Dennis Gallagher, Sacramento

Morain misses the mark on Brown

Re “Jerry Brown teaches a lesson in old-school politics” (Forum, April 9): Dan Morain thinks Gov. Jerry Brown teaches us a lesson by strong-arming and buying votes to increase taxes on the citizens of California. This was the second lesson. The first lesson was, while running for governor, to tell the voters that he would not raise taxes unless it was approved by those same voters.

This is Brown’s “read my lips” moment. It was a lie, plain and simple.

Now here’s the third lesson. For years he collected huge tax dollars from the taxpayers under the guise of road maintenance, gas taxes, etc. Use that tax money to fund other projects, and let the roads fall into disrepair. Then he raises taxes again, having no accountability of where the old tax money went.

The fourth lesson, and probably the most important, is never trust a politician. Don’t pay any attention to what they say; see what they do.

Dale Scribner, Sacramento

Misunderstanding free speech

Re “With O’Reilly getting pummeled, free speech takes a beating, too” (Forum, April 9): Joel Bellman misunderstands free speech. Bill O’Reilly has a right to stand on a street corner spouting his nonsense. But he has no right to be paid, and advertisers have no obligation to pay him, to do so on a national platform.

Chris Cappa, Sacramento

Advertisers right to dump O’Reilly

Joel Bellman would have Bill O’Reilly viewers and advertisers do nothing over his recently revealed sexual misconduct at Fox News. This license to abuse women is to protect the higher morality of free speech, according to Bellman’s logic.

Since O’Reilly’s ratings are up in the last 10 days because of this blowup, perhaps Fox News should raise his salary. Shouldn’t others also harass and threaten their Fox female counterparts to boost their ratings? Bellman questions corporations’ free expression of withholding monetary support to someone who they regard as a liability. Aren’t corporations “people” legally?
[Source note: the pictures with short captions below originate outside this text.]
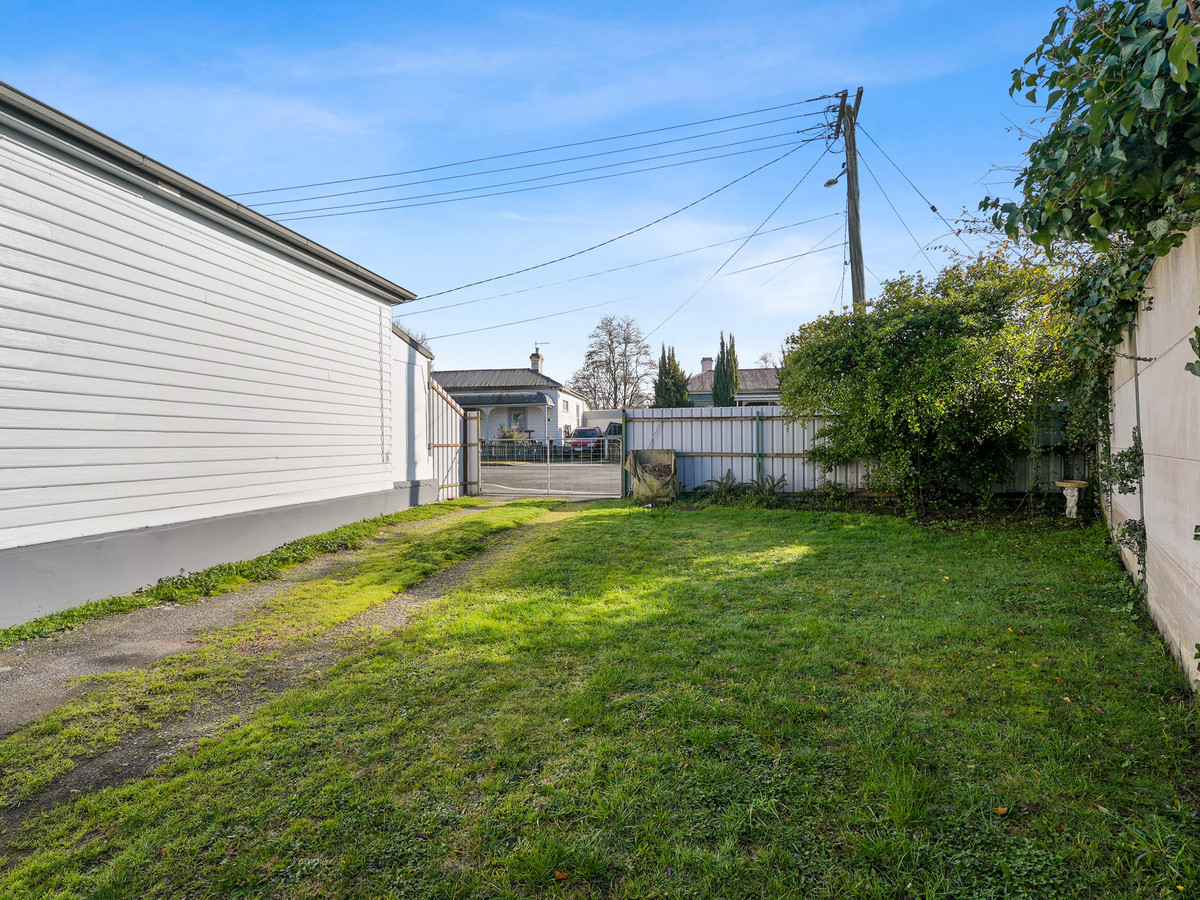 51 Bryan Street, Invermay, TAS, 7248 - Image 10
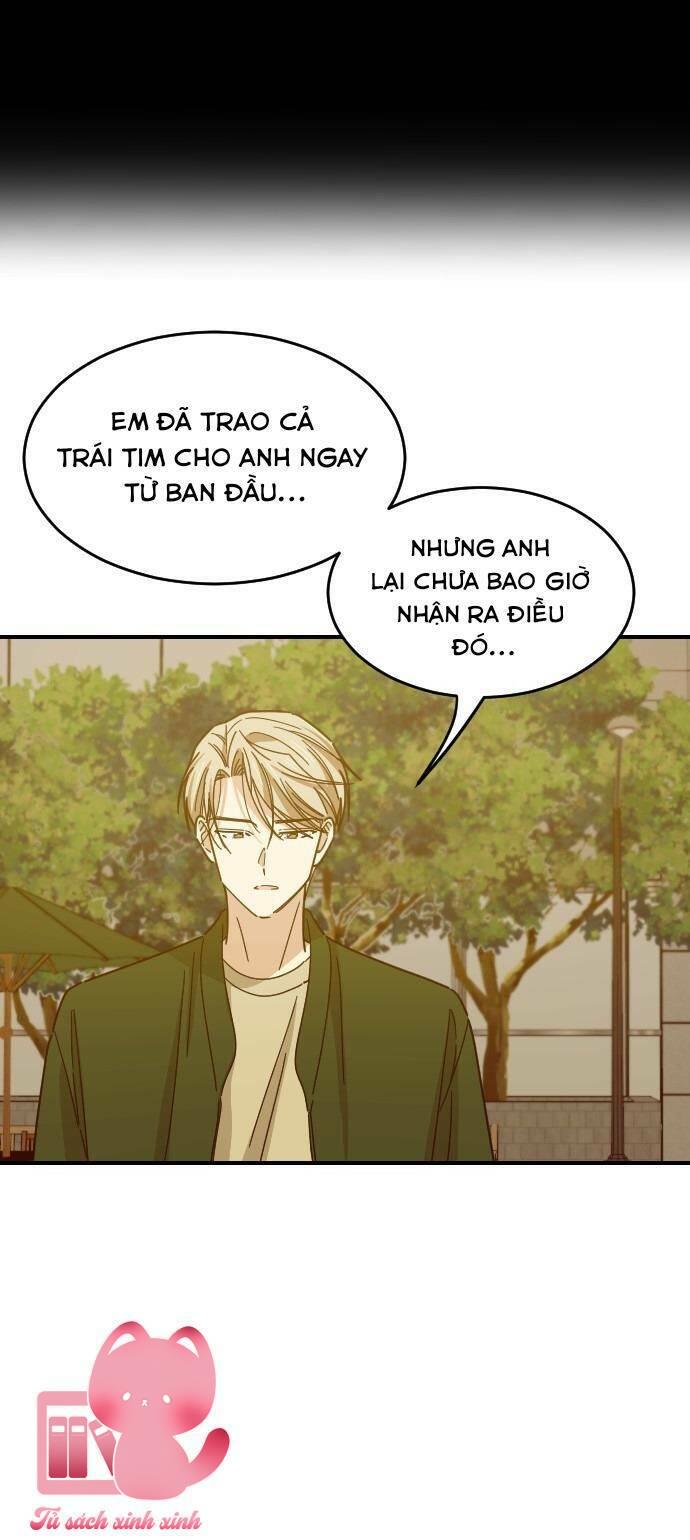 Bạn Của Em Trai - Chap 45 - Trang 65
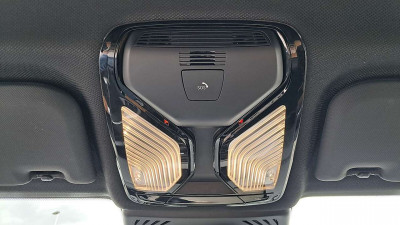 BMW X3 Gebrauchtwagen BMW X3 Gebrauchtwagen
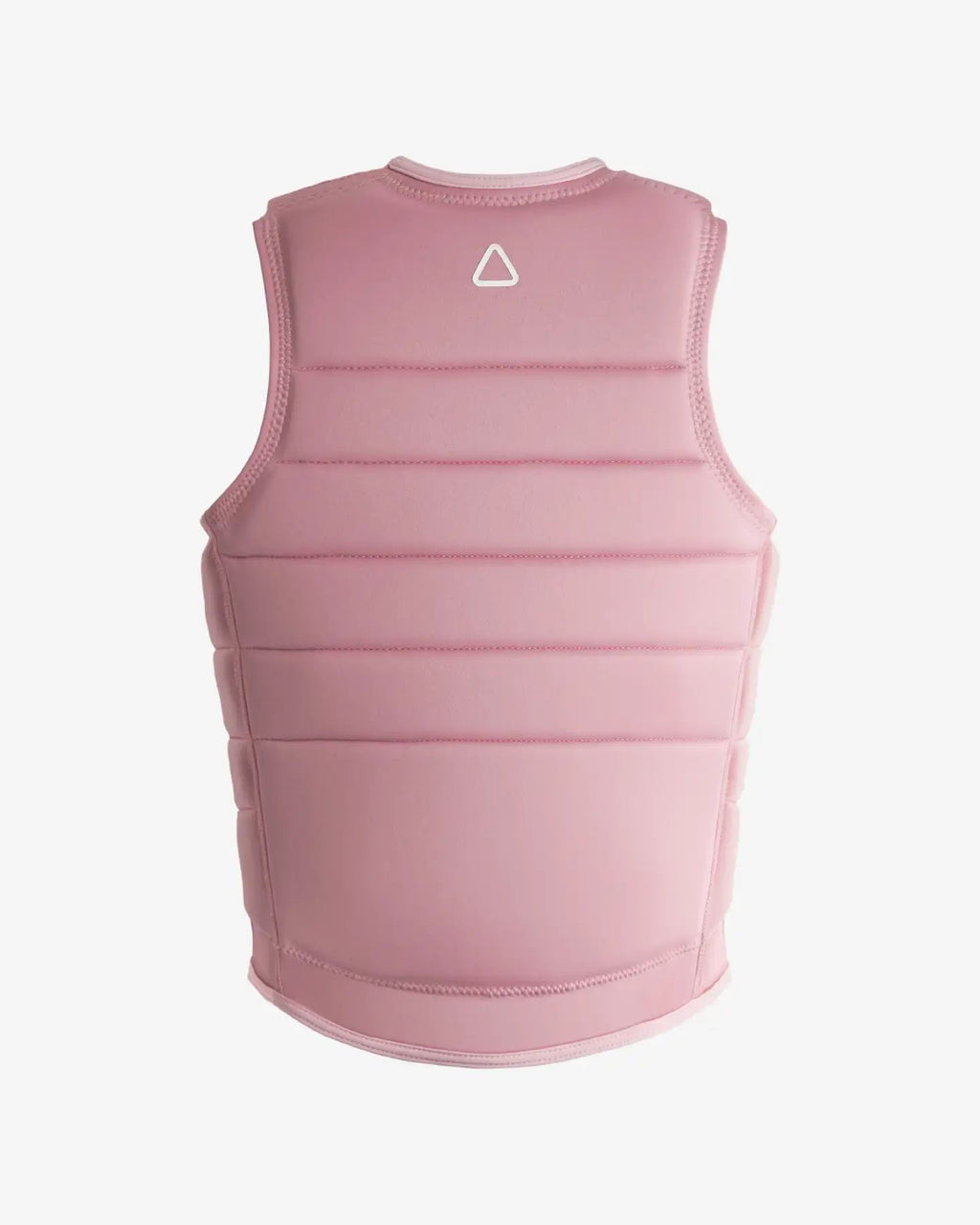 Total Ladies Impact Vest Follow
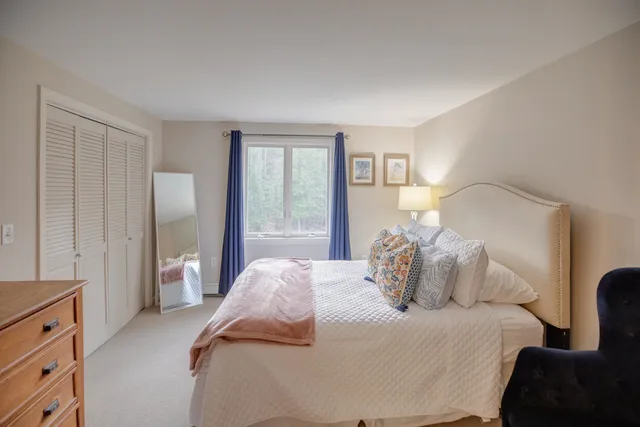 $685,000 | 47 Puckerbrush Road, Campton, NH 03223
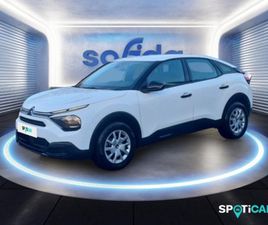 1.2 PURETECH100 LIVE PACK BUSINESS R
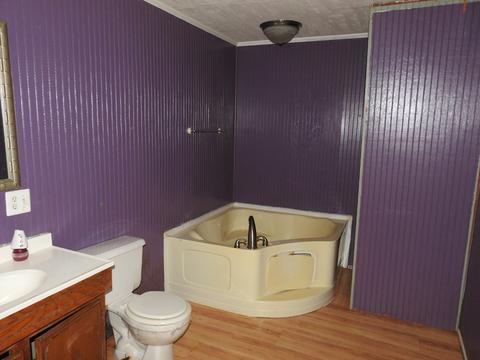 111 N Magnolia St, Plain Dealing, LA 71064 photo 7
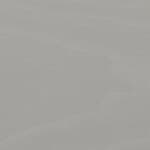 colored ash - nine grey (155)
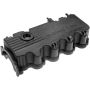DORMAN 264-992 Valve Cover - Plastic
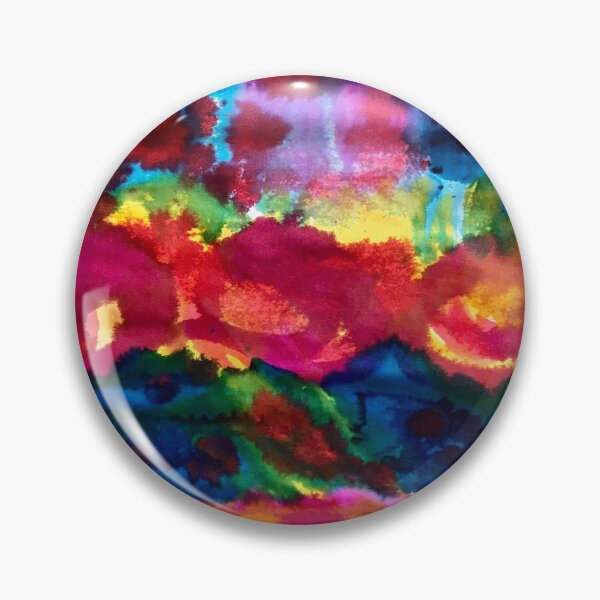 Item preview, Tears of relief designed and sold by lucielitchi.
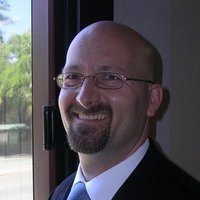 Rob Paynter (@robpayntersd61) 's Twitter Profile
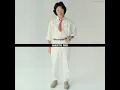 思い出にしてしまえるさ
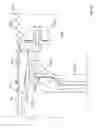 Fig. 44 - Pipe cutting tool and methods for use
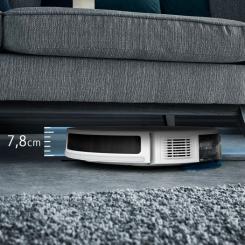 Пылесос Rowenta RR8477WH Фото 5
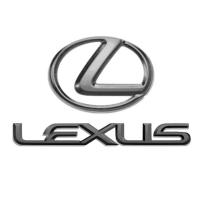 Công Ty Cổ Phần Lexus Thăng Long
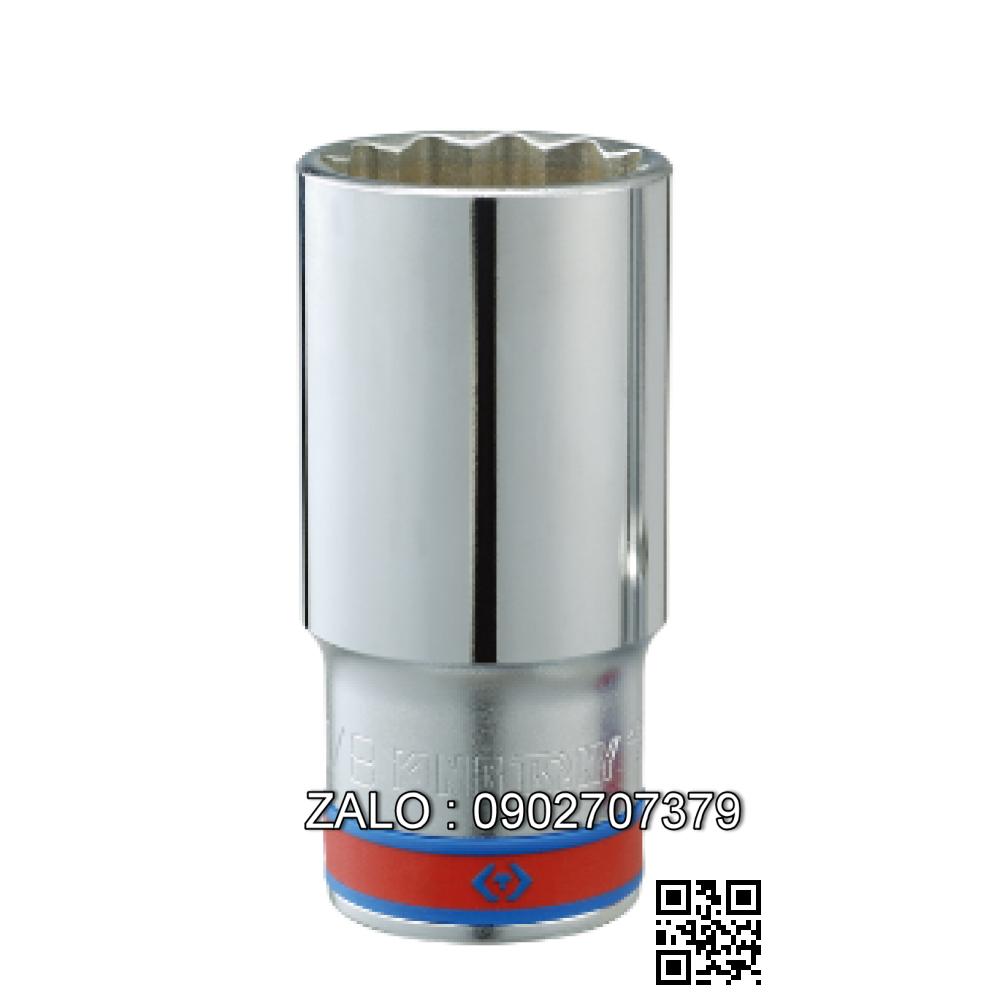 Cục típ bông 17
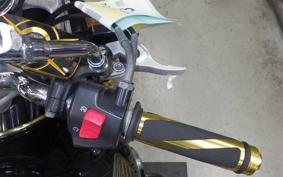 HONDA CB400SF VTEC SPEC 2 2003 NC39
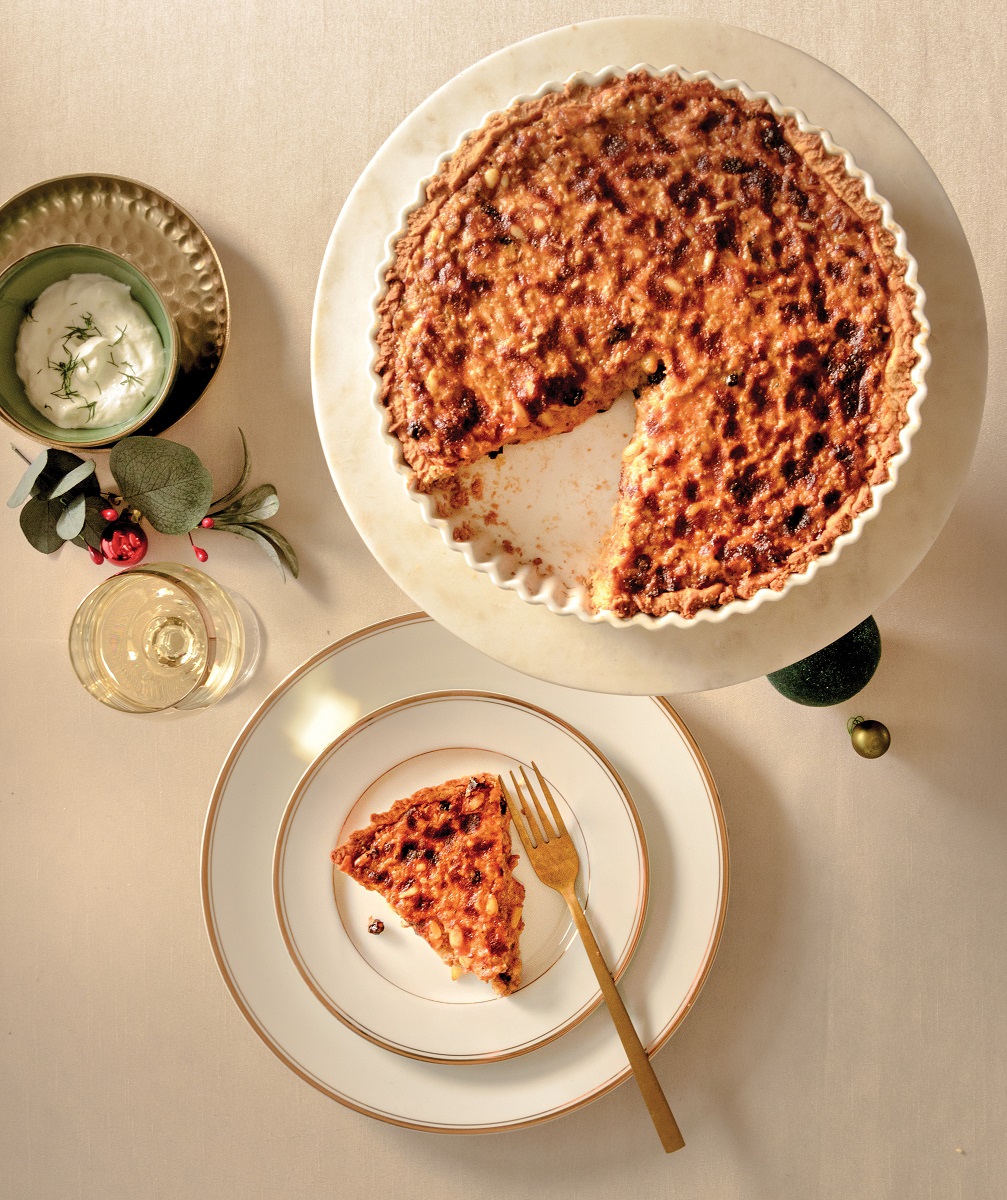tarta_kimas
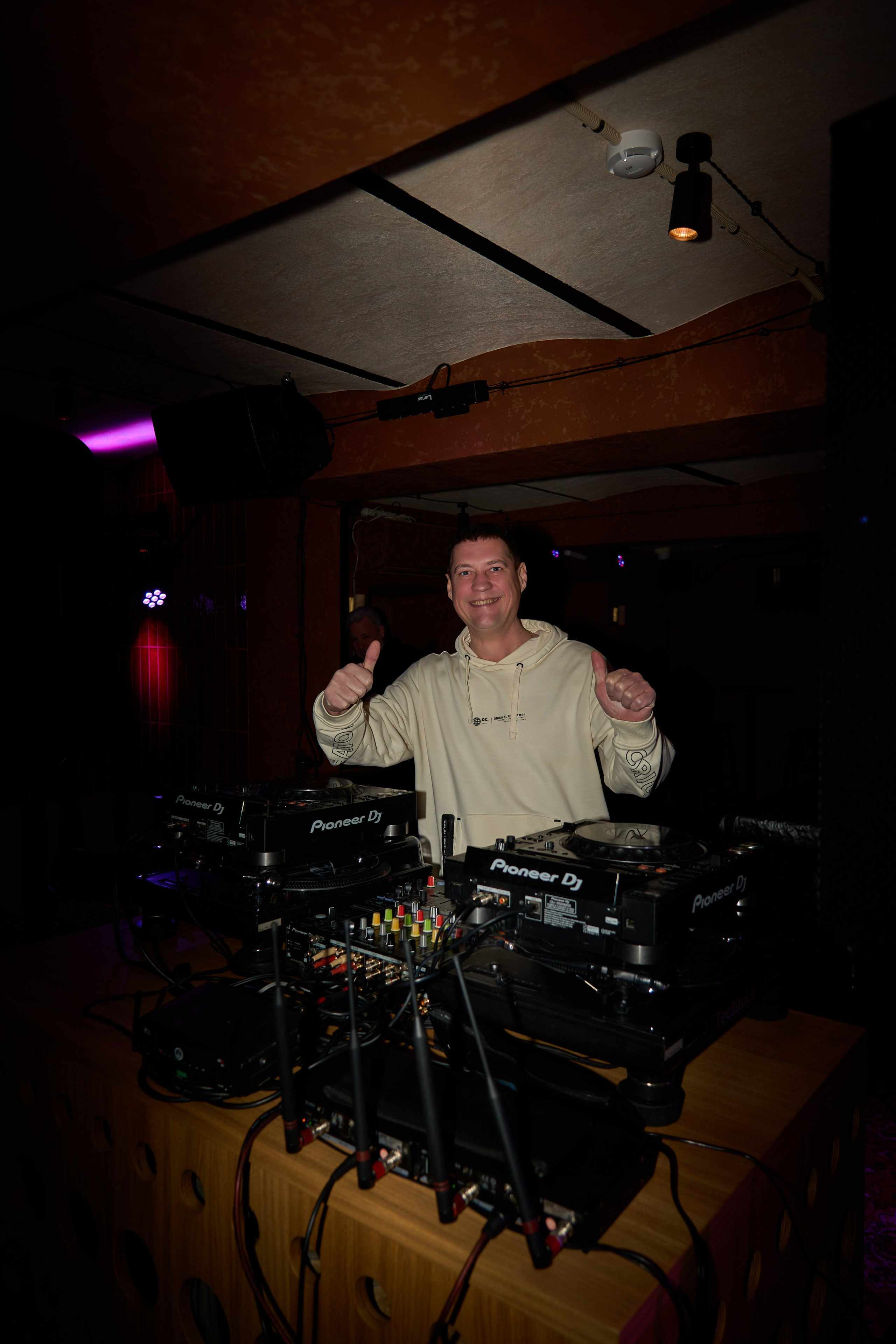 Артефакт. Фотограф во Владивостоке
I guess money does really talk.

All along I thought O’Reilly knew something about playing hardball, but since advertisers have thrown him some change-ups, Coach Rupert Murdoch might look down the bench.

David Kuchera, Sacramento

Bias on President Trump shows

Re “It’s time to do away with California’s cash bail system” (Editorials, April 9): The Bee’s well-reasoned and informative editorial on California’s cash bail system was appropriate until the very last paragraph when, once again, the editorial board showed its bias by writing: “Under the control of President Donald Trump and U.S. Attorney General Jeff Sessions, the federal system may revert back to ineffective tough-on-crime policies.”

The board was doing just fine until it chose to inject its prejudices against the administration and something it might do.

Jack Quartaroli, Sacramento

Attorney should support law

Re “Sheriff’s lockup contract with ICE harms our community” (Viewpoints, April 2): I’m sure Kristina McKibben realizes all of these people in jail are breaking the law by being here illegally and deserve no special treatment. But her job is the opposite; it’s to give special treatment.

If a U.S. citizen breaks the law, we are punished accordingly. Why not those who are here illegally?